The key to creating viable glgE knockout strains turned out to be trehalose, a cell wall carbohydrate. TB bacteria that lacked glgE died instantly when trehalose was present, but survived if it was removed. The Harvard group had used medium that contained trehalose without realizing it because the carbohydrate, used as a preservative, was an unlisted ingredient.

The next step for Kalscheuer and Jacobs was figuring out the functional relationship between the two proteins. GlgE had been implicated in glycogen metabolism, but the connection with trehalose was unclear. Finally, after a painstaking series of suppressor genetics experiments, they elucidated the biochemical pathway: Glycogen and glucose produce trehalose; an enzyme known as trehalose synthase converts the trehalose into maltose; then, the maltose becomes maltose-1-phosphate, the protein that GlgE converts into glucan. When glgE is knocked out, maltose-1-phosphate accumulates, which kills the tuberculosis bacterium.

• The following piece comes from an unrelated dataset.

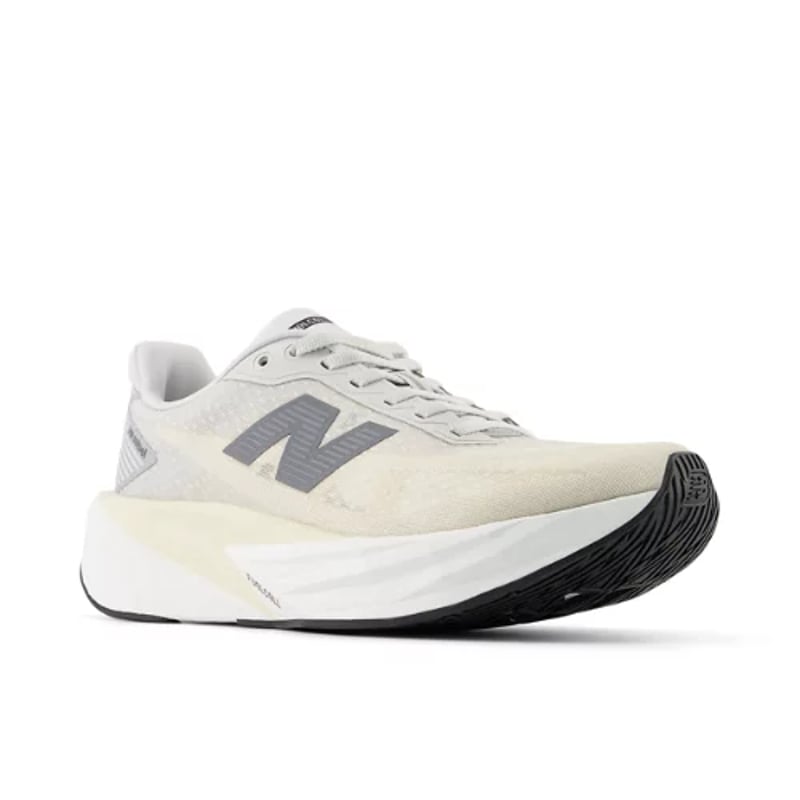 New Balance FuelCell Rebel v5 WFCXLX5 03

Now that Jacobs knows how glgE mutations can kill TB, he is trying to find a drug company willing to work on a project to exploit the bacterial weakness. “The GlgE gene is a great potential drug target because there’s no human homologue,” which means TB cells would be affected without harming human cells, Jacobs explains.

Back in his office, Jacobs shows me photographs from one of his first visits to South Africa where the incidence of drug-resistant TB is particularly high. All of the patients were housed together in a crowded ward, with nothing separating them from the hospital staff. “That was the only time I was ever scared of getting infected,” he recalls. Today, Jacobs has several collaborators in South Africa and is helping to build a state-of-the-art TB research facility there. The goal is to get more African researchers using the latest diagnostic technologies, but equally important, Jacobs says, is encouraging new drug development. “One drug is not enough,” he says. “Our collaborators in Africa say they need at least three new TB drugs.”